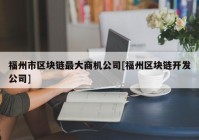 福州市区块链最大商机公司[福州区块链开发公司]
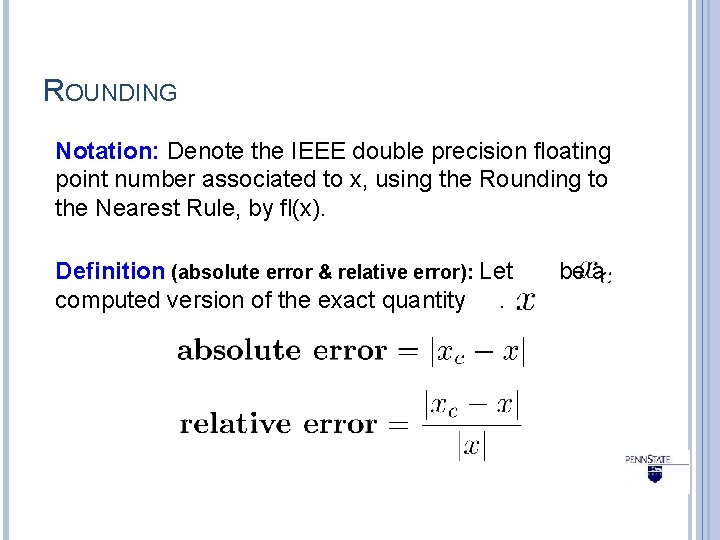 ROUNDING Notation: Denote the IEEE double precision floating point number associated to x, using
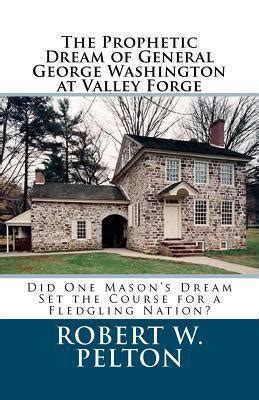 the prophetic vision of general george washington at valley forge masonic version historical america book 1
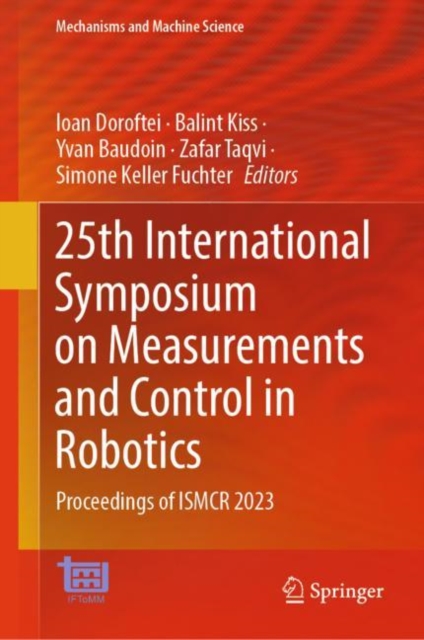 25th International Symposium on Measurements and Control in Robotics : Proceedings of ISMCR 2023, Hardback Book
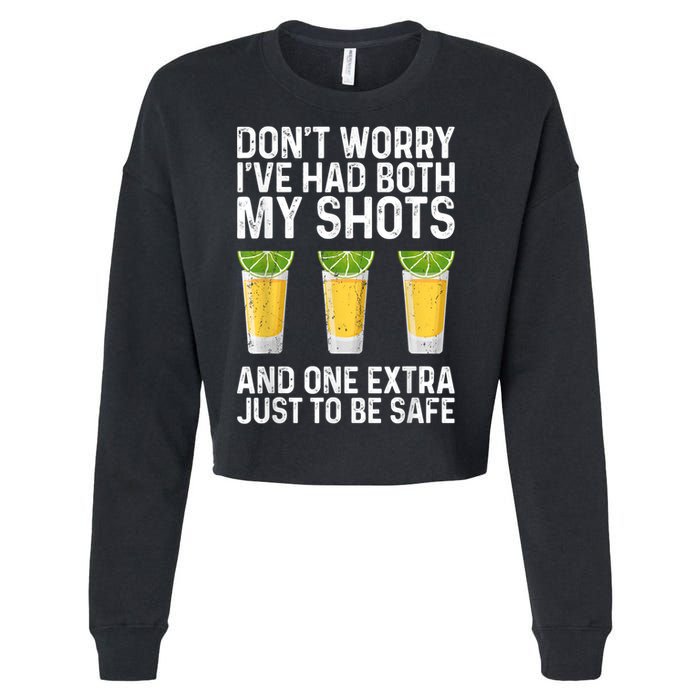 Don't Worry I've Had Both My Shots And One Extra Vaccinated Cropped Pullover Crew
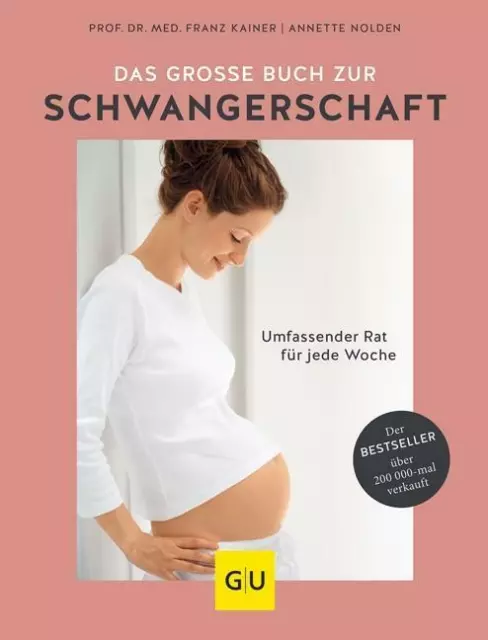 Das große Buch zur Schwangerschaft von Annette Nolden (2018, Gebundene Ausgabe)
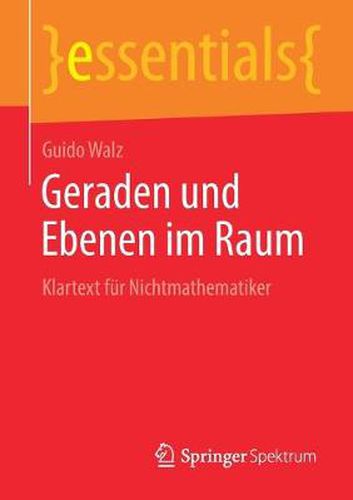 Geraden und Ebenen im Raum: Klartext fur Nichtmathematiker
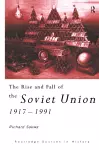 The Rise and Fall of the Soviet Union cover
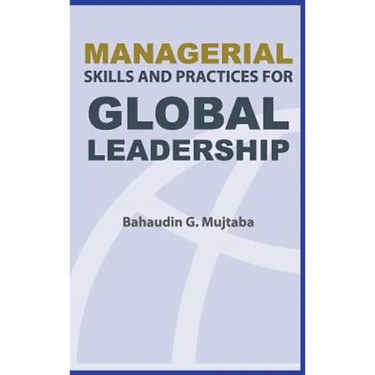 Managerial Skills and Practices for Global Leadership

• **Work order**: Write out again, exactly, the lines from the start of the listing up to the line containing "Don't Worry I've", with both ends and without pictures.

• **Answer to this exercise**:
 福州市区块链最大商机公司[福州区块链开发公司]
 ROUNDING Notation: Denote the IEEE double precision floating point number associated to x, using
 the prophetic vision of general george washington at valley forge masonic version historical america book 1
 25th International Symposium on Measurements and Control in Robotics : Proceedings of ISMCR 2023, Hardback Book
 Don't Worry I've Had Both My Shots And One Extra Vaccinated Cropped Pullover Crew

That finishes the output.